Each entry below must be written out exactly, with pictures left out.

---------- INPUT MATERIAL ----------

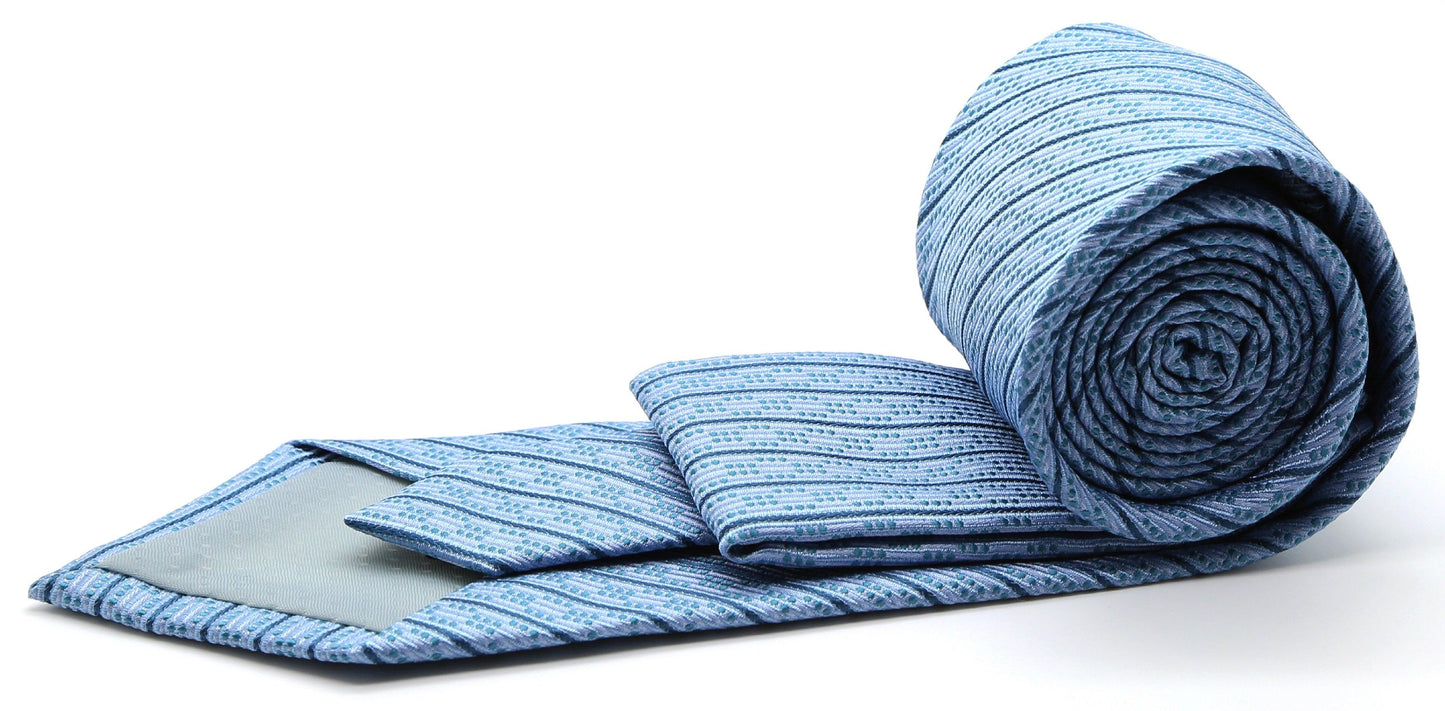 Mens Dads Classic Blue Striped Pattern Business Casual Necktie & Hanky Set C-8 - Ferrecci USA 
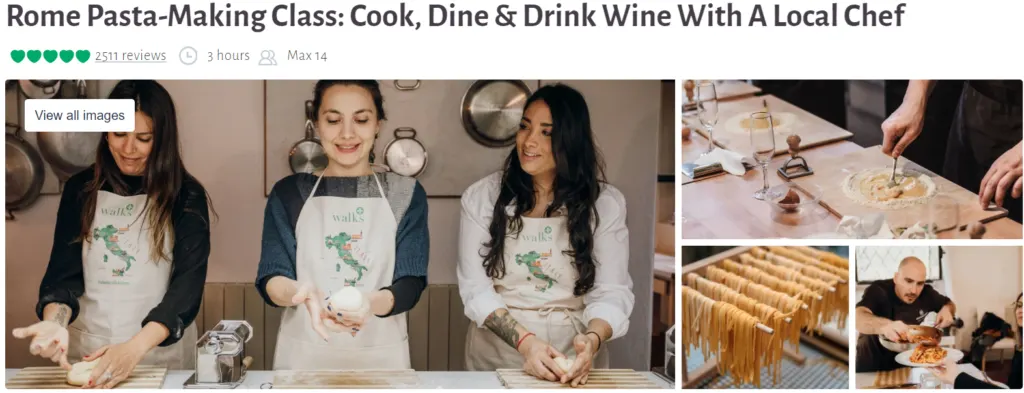 Rome pasta making class: cook, dine and drink wine with a local chef 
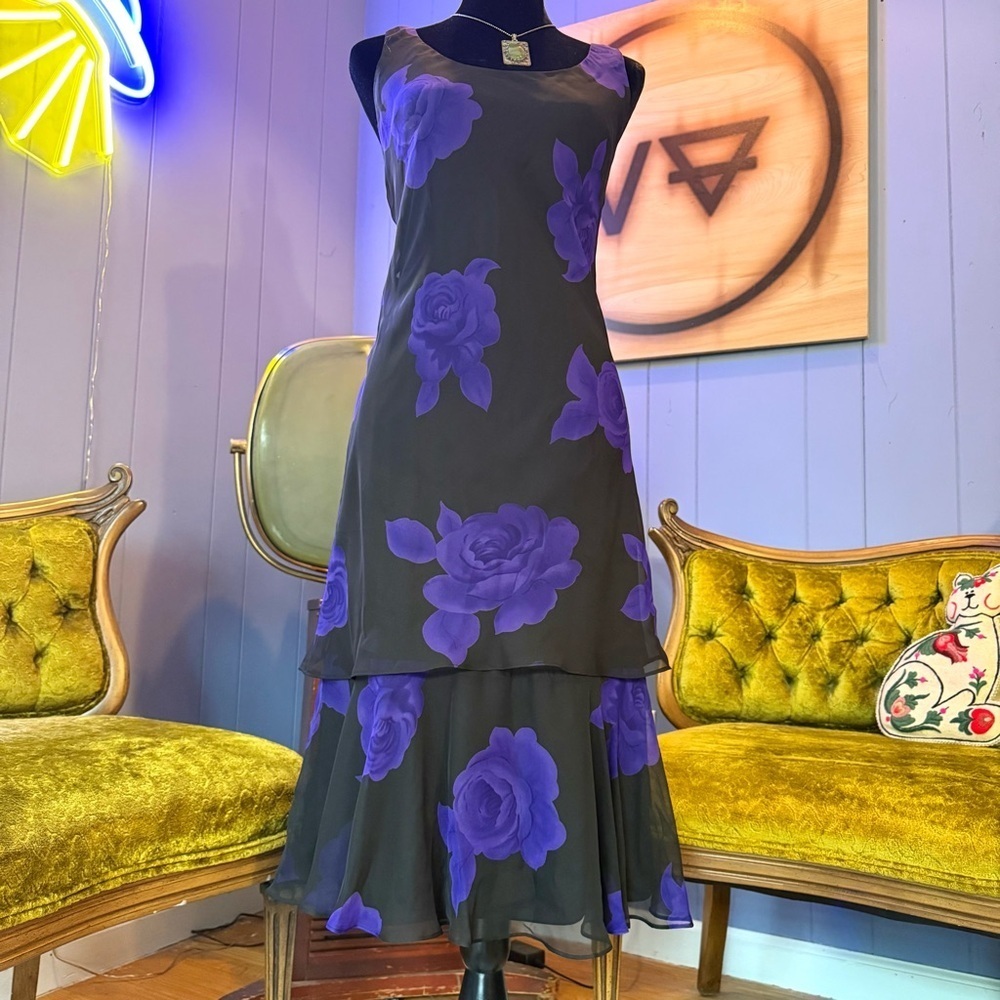 Vintage 90s MSK Black & Purple Tiered Floral Dress Size 6 - Picture 3 of 8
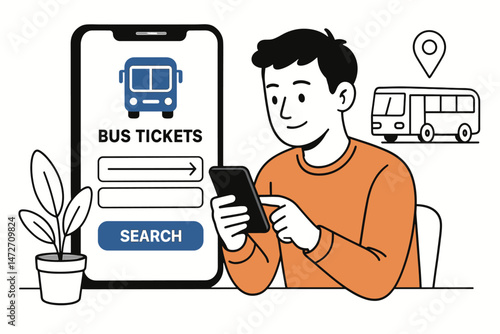 Young man using mobile app on smartphone to book bus tickets online. Search interface for public transport reservation, illustrating travel convenience and digital technology.
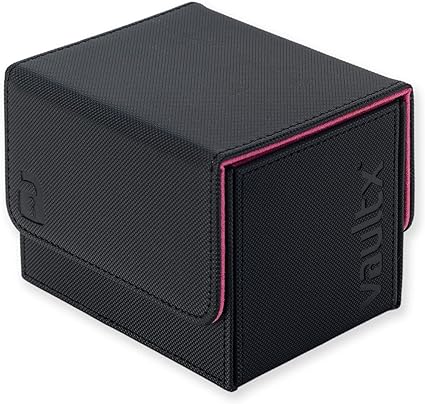 Vault X Exo-Tec® Modular Sideloading Deck Box Module for 100  TCG Cards. Detachable Magnetic Lid. Fits Commander & Standard Trading Cards. (Black/Electric Pink)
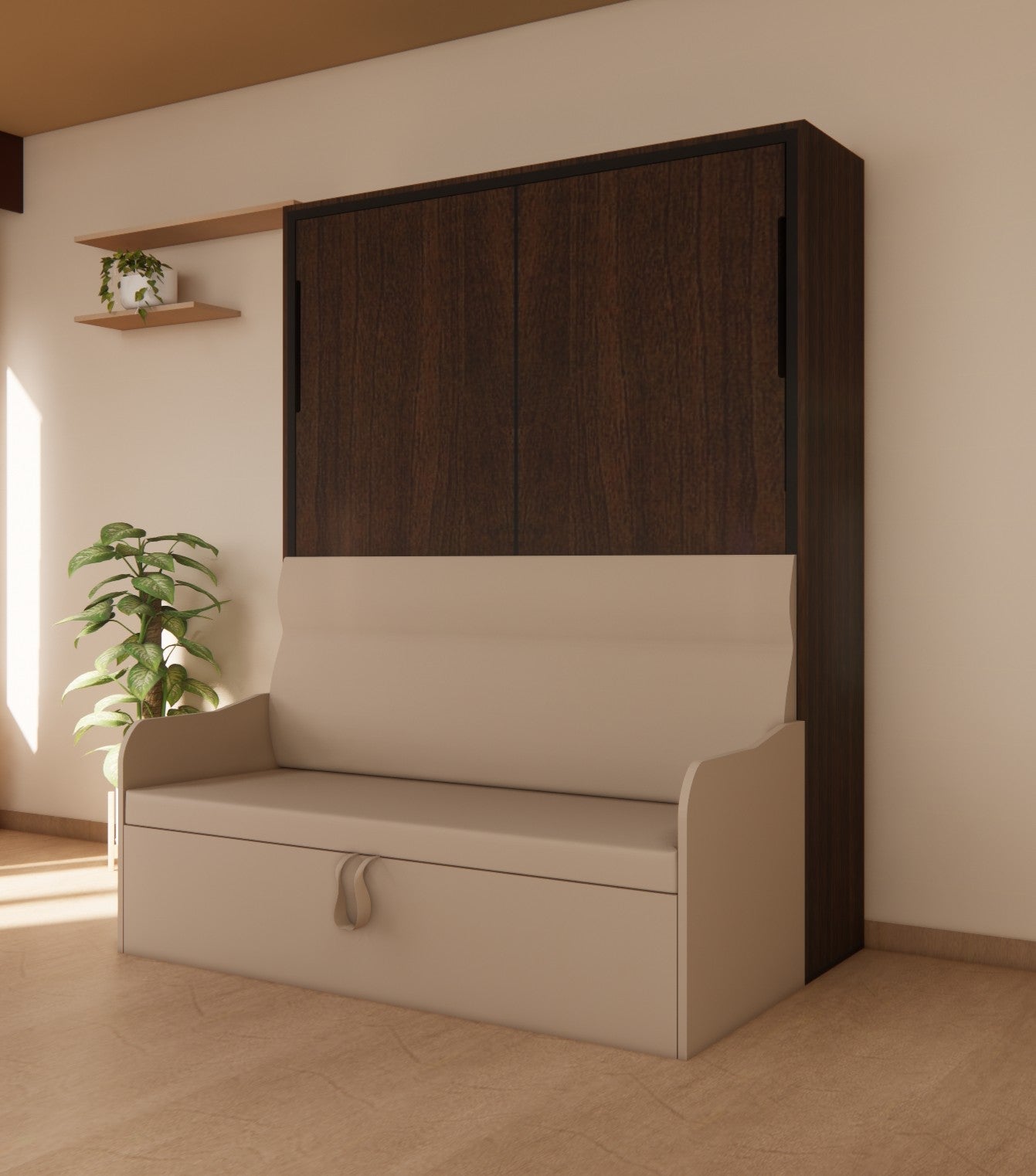Indiana Wall Bed With 3 Seater Sofa Mouldau Acacia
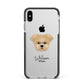 Morkie Personalised Apple iPhone Xs Max Impact Case Black Edge on Silver Phone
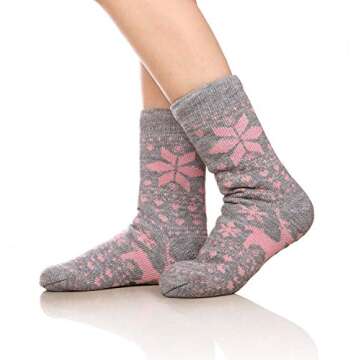 FRALOSHA Fuzzy Warm Slipper Socks Women Winter floor Socks Super Soft lined with Grippers reading So...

----------

**OUTPUT**
 Mens Dads Classic Blue Striped Pattern Business Casual Necktie & Hanky Set C-8 - Ferrecci USA 
 Rome pasta making class: cook, dine and drink wine with a local chef 
 Vintage 90s MSK Black & Purple Tiered Floral Dress Size 6 - Picture 3 of 8
 Young man using mobile app on smartphone to book bus tickets online. Search interface for public transport reservation, illustrating travel convenience and digital technology.
 Vault X Exo-Tec® Modular Sideloading Deck Box Module for 100  TCG Cards. Detachable Magnetic Lid. Fits Commander & Standard Trading Cards. (Black/Electric Pink)
Indiana Wall Bed With 3 Seater Sofa Mouldau Acacia
 Morkie Personalised Apple iPhone Xs Max Impact Case Black Edge on Silver Phone
 FRALOSHA Fuzzy Warm Slipper Socks Women Winter floor Socks Super Soft lined with Grippers reading So...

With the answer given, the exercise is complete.